RAVE
RAVE copied to clipboard
ValueError when resuming from previous training checkpoint
Hey RAVE team, I'm repeatedly getting a similar error whenever attempting to resume a training job that was cancelled after 24 hours on a remote training server. The error happens on the "validation_epoch_end" hook and is ValueError: not enough values to unpack (expected 2, got 0)
(see full stacktrace below).
Epoch 24: 0%| | 0/19333 [00:00<00:00, -25206153.85it/s]

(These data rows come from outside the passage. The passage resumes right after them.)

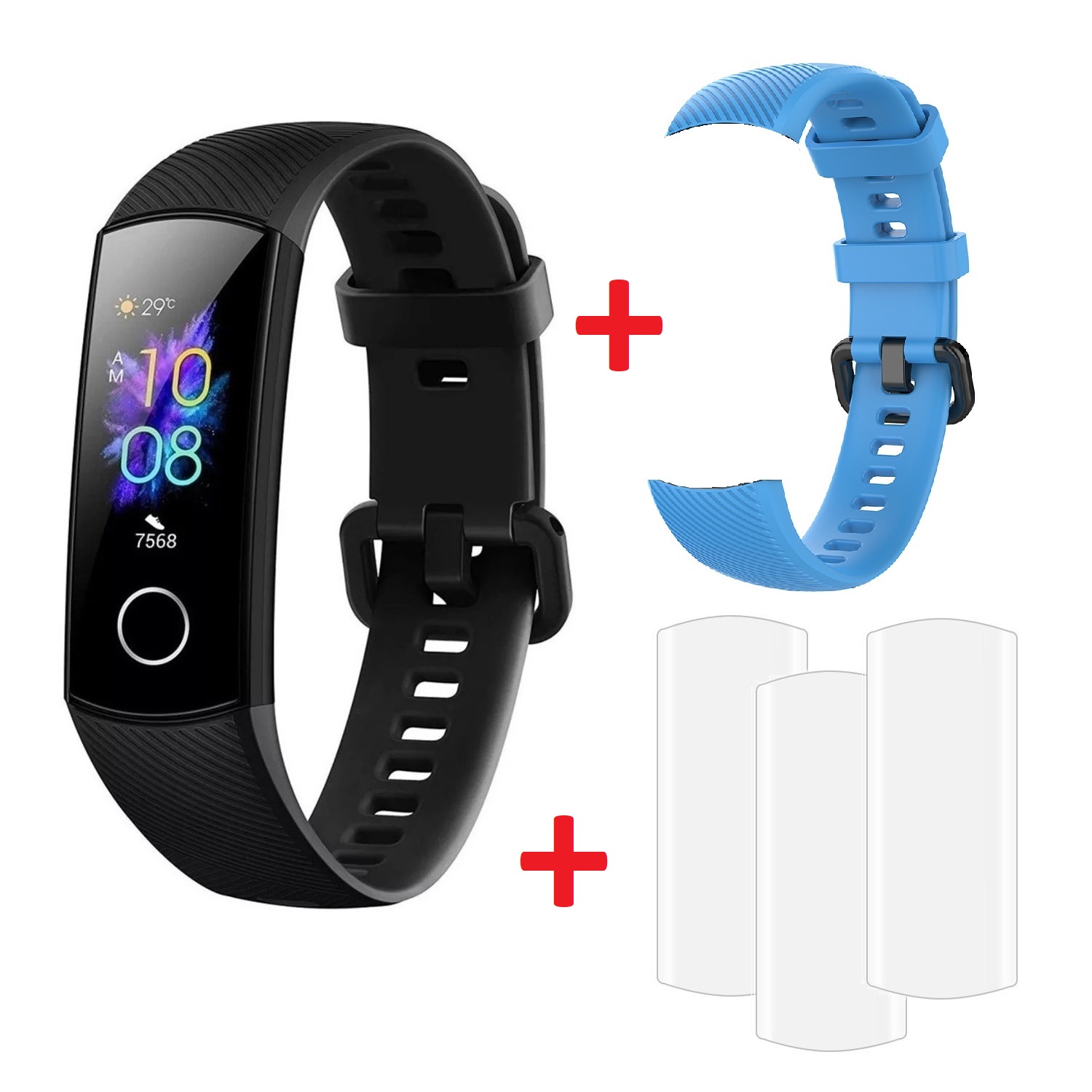 Ripley - PULSERA INTELIGENTE HUAWEI HONOR BAND 5 SMARTBAND NEGRA + BANDA  ADICIONAL AZUL + FILM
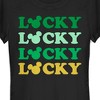 Juniors Womens Mickey & Friends Lucky Stack T-Shirt - 2 of 4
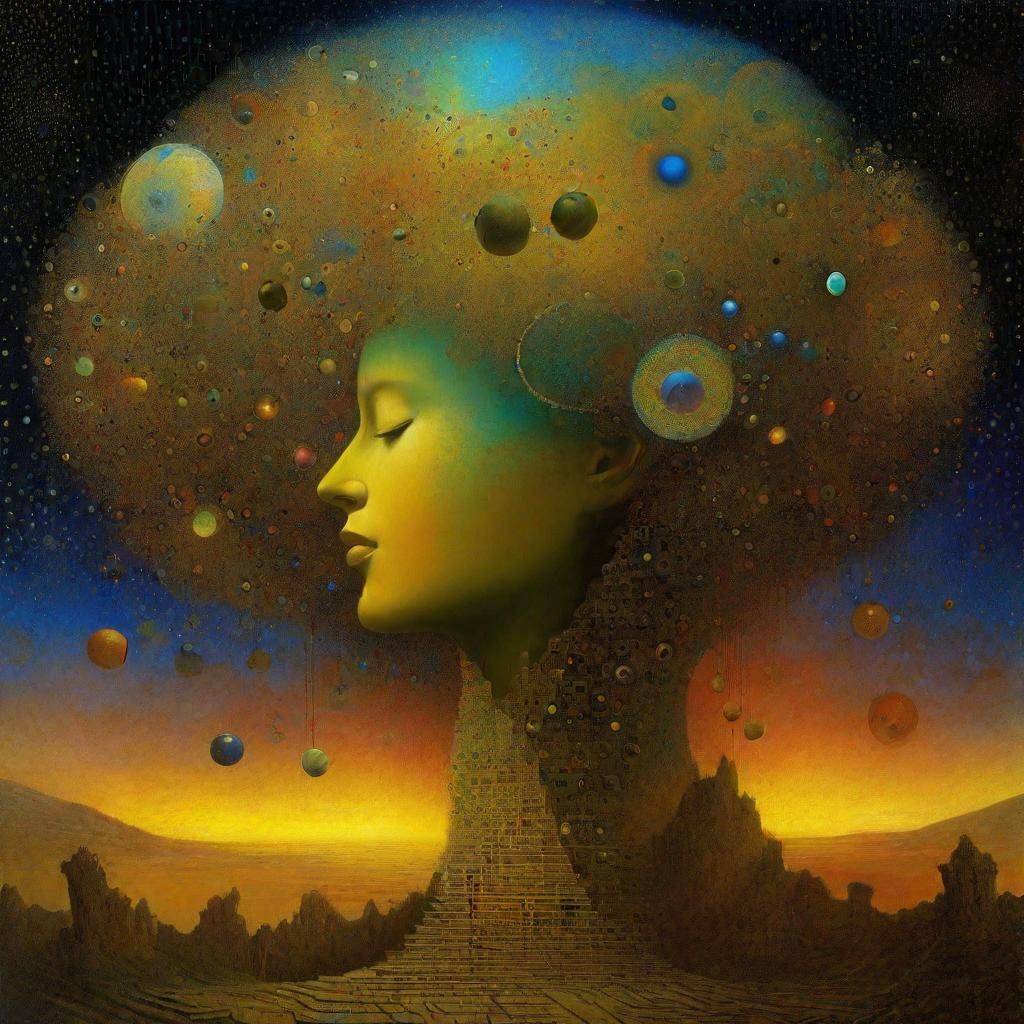 Fractal Dreamscape in Beksinski-Klimt Style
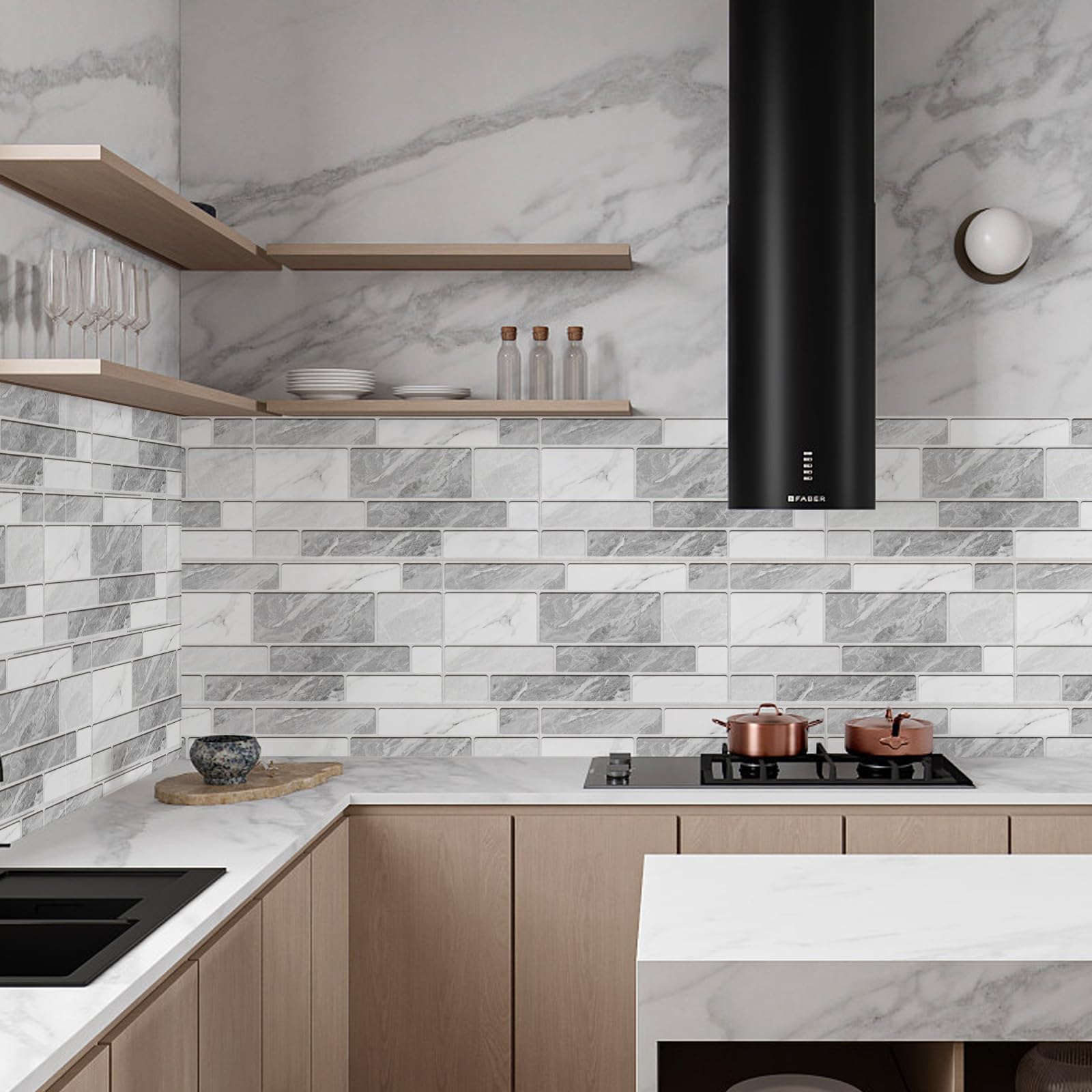 Decoroom Azulejos Autoadhesivos Gris & Blanco 15x30cm/24Pcs Baldosas Pegatinas Adhesivas Ladrillos Vinilo PVC Impermeable Decorativa Cocina Baños Baldosas Adhesivas Pared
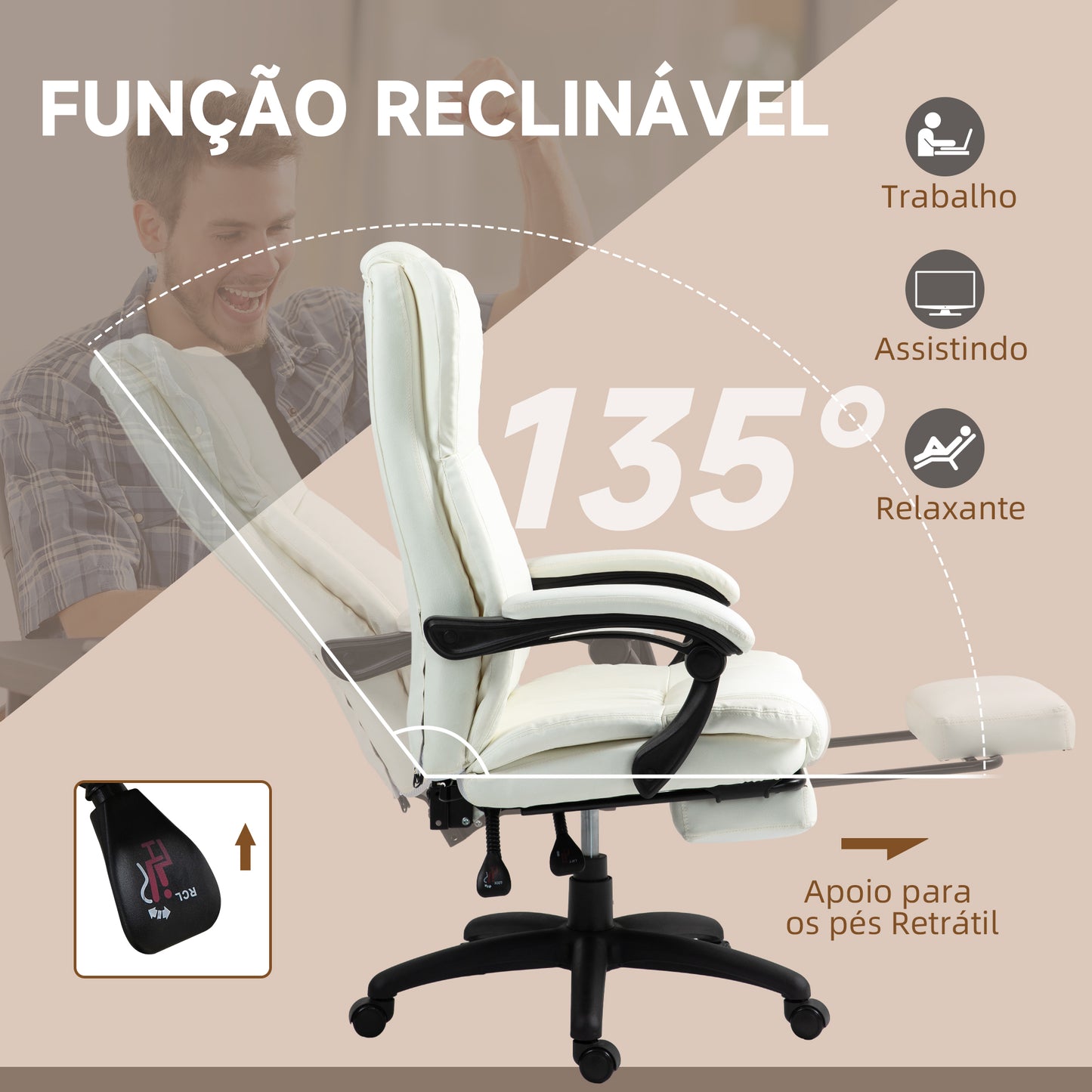 Vinsetto Cadeira de Escritório Giratória Cadeira de Escritório com Altura Ajustável 6 Pontos de Massagem Controle Remoto e Apoio para os Pés Retrátil 68,5x68,5x113-121cm Creme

Traceback (most recent call last):
File "/jmain02/home/RAVE/train_rave.py", line 175, in <module>
trainer.fit(model, train, val, ckpt_path=run)
File "/jmain02/home/.conda/envs/rave/lib/python3.9/site-packages/pytorch_lightning/trainer/trainer.py", line 770, in fit
self._call_and_handle_interrupt(
File "/jmain02/home/.conda/envs/rave/lib/python3.9/site-packages/pytorch_lightning/trainer/trainer.py", line 723, in _call_and_handle_interrupt
return trainer_fn(*args, **kwargs)
File "/jmain02/home/.conda/envs/rave/lib/python3.9/site-packages/pytorch_lightning/trainer/trainer.py", line 811, in _fit_impl
results = self._run(model, ckpt_path=self.ckpt_path)
File "/jmain02/home/.conda/envs/rave/lib/python3.9/site-packages/pytorch_lightning/trainer/trainer.py", line 1236, in _run
results = self._run_stage()
File "/jmain02/home/.conda/envs/rave/lib/python3.9/site-packages/pytorch_lightning/trainer/trainer.py", line 1323, in _run_stage
return self._run_train()
File "/jmain02/home/.conda/envs/rave/lib/python3.9/site-packages/pytorch_lightning/trainer/trainer.py", line 1353, in _run_train
self.fit_loop.run()
File "/jmain02/home/.conda/envs/rave/lib/python3.9/site-packages/pytorch_lightning/loops/base.py", line 204, in run
self.advance(*args, **kwargs)
File "/jmain02/home/.conda/envs/rave/lib/python3.9/site-packages/pytorch_lightning/loops/fit_loop.py", line 269, in advance
self._outputs = self.epoch_loop.run(self._data_fetcher)
File "/jmain02/home/.conda/envs/rave/lib/python3.9/site-packages/pytorch_lightning/loops/base.py", line 205, in run
self.on_advance_end()
File "/jmain02/home/.conda/envs/rave/lib/python3.9/site-packages/pytorch_lightning/loops/epoch/training_epoch_loop.py", line 255, in on_advance_end
self._run_validation()
File "/jmain02/home/.conda/envs/rave/lib/python3.9/site-packages/pytorch_lightning/loops/epoch/training_epoch_loop.py", line 309, in _run_validation
self.val_loop.run()
File "/jmain02/home/.conda/envs/rave/lib/python3.9/site-packages/pytorch_lightning/loops/base.py", line 211, in run
output = self.on_run_end()
File "/jmain02/home/.conda/envs/rave/lib/python3.9/site-packages/pytorch_lightning/loops/dataloader/evaluation_loop.py", line 188, in on_run_end
self._evaluation_epoch_end(self._outputs)
File "/jmain02/home/.conda/envs/rave/lib/python3.9/site-packages/pytorch_lightning/loops/dataloader/evaluation_loop.py", line 315, in _evaluation_epoch_end
self.trainer._call_lightning_module_hook("validation_epoch_end", output_or_outputs)
File "/jmain02/home/.conda/envs/rave/lib/python3.9/site-packages/pytorch_lightning/trainer/trainer.py", line 1595, in _call_lightning_module_hook
output = fn(*args, **kwargs)
File "/jmain02/home/RAVE/rave/model.py", line 708, in validation_epoch_end
audio, z = list(zip(*out))
ValueError: not enough values to unpack (expected 2, got 0)
What version was your RAVE? Did you try with 2.3?